Post-Spokeo some courts have acknowledged that the prohibitions in the TCPA are distinguishable from the FCRA's procedural requirements. When enacting the TCPA, Congress recognized that the interruption, intrusion, and invasion of privacy caused by unwanted communications can rise to the level of a nuisance which is actionable under the law. See, Maraan v. Dish Network, LLC, 1:13-CV-00436, 2014 WL 6603233, at *3 (S.D. Ohio. Ov. 19, 2014). Mims v. Arrow Financial Services, LLC, 565 U.S. 368, 384 (citing 137 Cong. Rec. 30821-30822 (1991)); H.R. Rep. 102-317, 2 (1991); S. Rep. 102-178, 1 (1991)). Some have gone so far as to hold that "unlike FCRA violations. TCPA violation necessarily cause harm to consumers." Smith v. Blue Shield of California Life & Health Ins. Co., 228 F.Supp. 3d 1056, 1062 (C.D. Cal. 2017); see also, LaVigne v. First Community Bancshares, Inc., 215 F.Supp.3d 1138, 1147 (D.N.M. 2016); Wilkes v. CareSource Management Group Co., NO. 4:16-CV_038 JD, 2016 WL 7179298, *5 (N.D. Ind. Dec. 9, 2016). The harms inherent in a TCPA violation can include "(1) invasion of privacy, (2) intrusion upon and occupation of the capacity of the consumer's cell phone, and (3) wasting the consumer's time . . . ." Mey v. Got Warranty, Inc., 193 F.Supp.3d 641, 645 (N.D. W. Va. June 30, 2016). In fact, most courts have found that when a plaintiff alleges an invasion of privacy under the TCPA, Article III standing exists even in the absence of any economic harm. Hamza v. Dunhams Athleisure Corp., NO. 16-11641, 2017 WL 1077895, *4 (E.D. Mich. Mar. 22, 2017). Courts have also found standing under the TCPA when a Plaintiff alleges monetary losses, opportunity losses (potential for missed calls), stress or wear and tear on the system through unwanted use, and the nuisance of interruptions. Progressive Health & Rehab Corp. v. Strategy Anesthesia, LLC, 271 F.Supp. 3d 941 (S.D. Ohio 2017); Swetlic Chiropractic & Rehab. Ctr., Inc. v. Foot Levelers, Inc., 235 F.Supp. 3d 882, 888 (S.D. Ohio 2017).

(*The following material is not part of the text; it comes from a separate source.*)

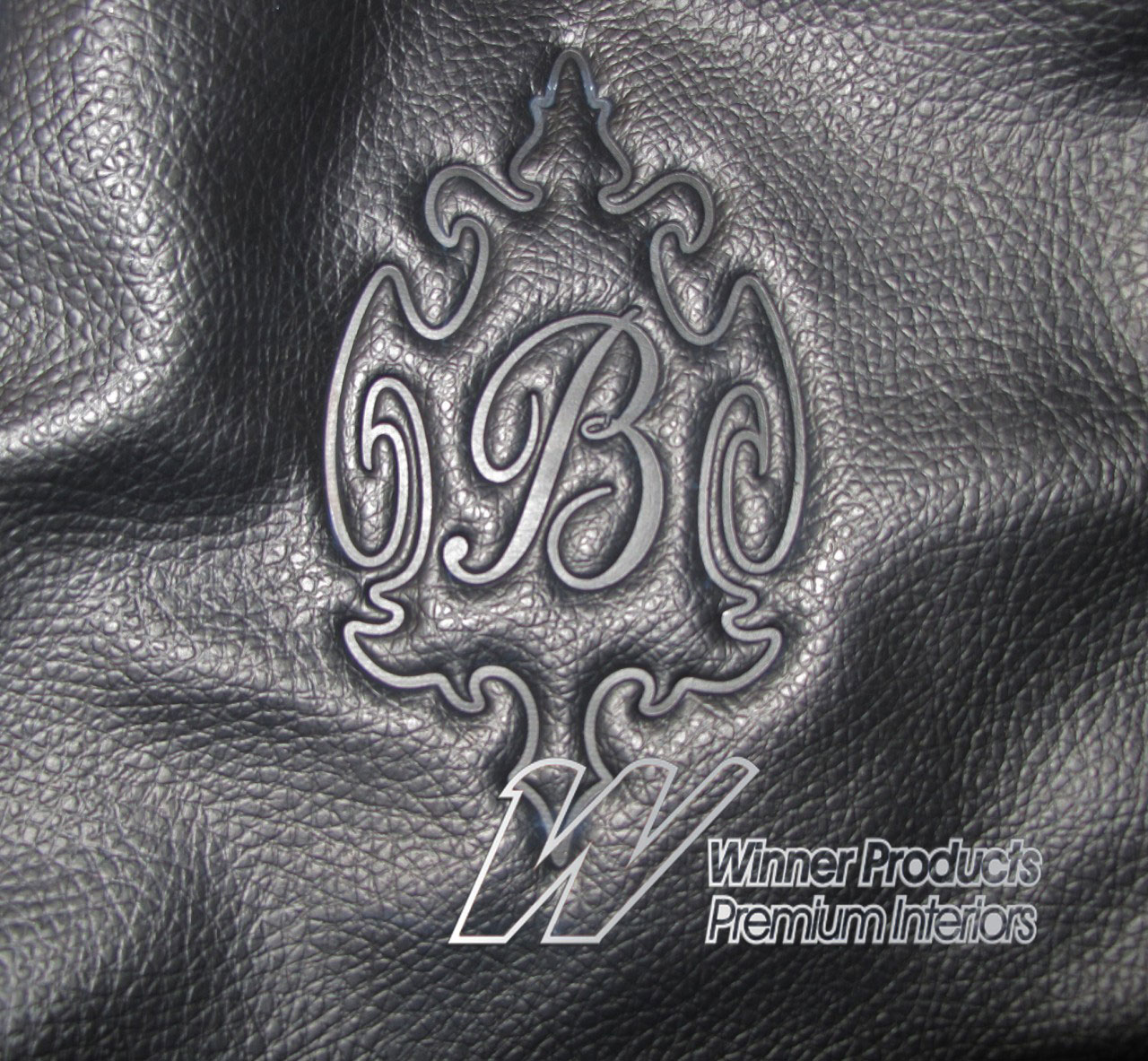 Holden Brougham HG Brougham Sedan 10M Black & Brocade Seat Covers (Image 9 of 13)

Long before the TCPA was enacted, the common law has recognized that nuisance and invasion of privacy are harms that are subject to legal redress. --------

The harms alleged in this case are substantively indistinguishable from the harms other courts have found to satisfy the injury requirements of Article III standing. Defendant does not dispute, at this stage of the litigation, that Plaintiff and other consumers received messages on their voicemail systems which they did not authorize, from an entity with which they had no relationship. Defendant does not dispute that the Plaintiff and other consumers had to take time from their day to review the message before knowing that it was an unsolicited and unwanted message. There is also no credible evidence to refute the allegation that Plaintiff and other consumers are often audibly alerted to the receipt of these messages. Contrary to Defendant's argument that audible notifications are a consumer choice that cannot be considered an unwanted interruption, consumers are not required to silence their voicemail notifications and limit their access to desired messages in order to silence or reduce the interruption caused by Defendant's alleged distribution of unwanted and unsolicited messages. Under the right circumstances, this type of intrusion has been found to create a nuisance sufficient to satisfy the requirement for TCPA standing.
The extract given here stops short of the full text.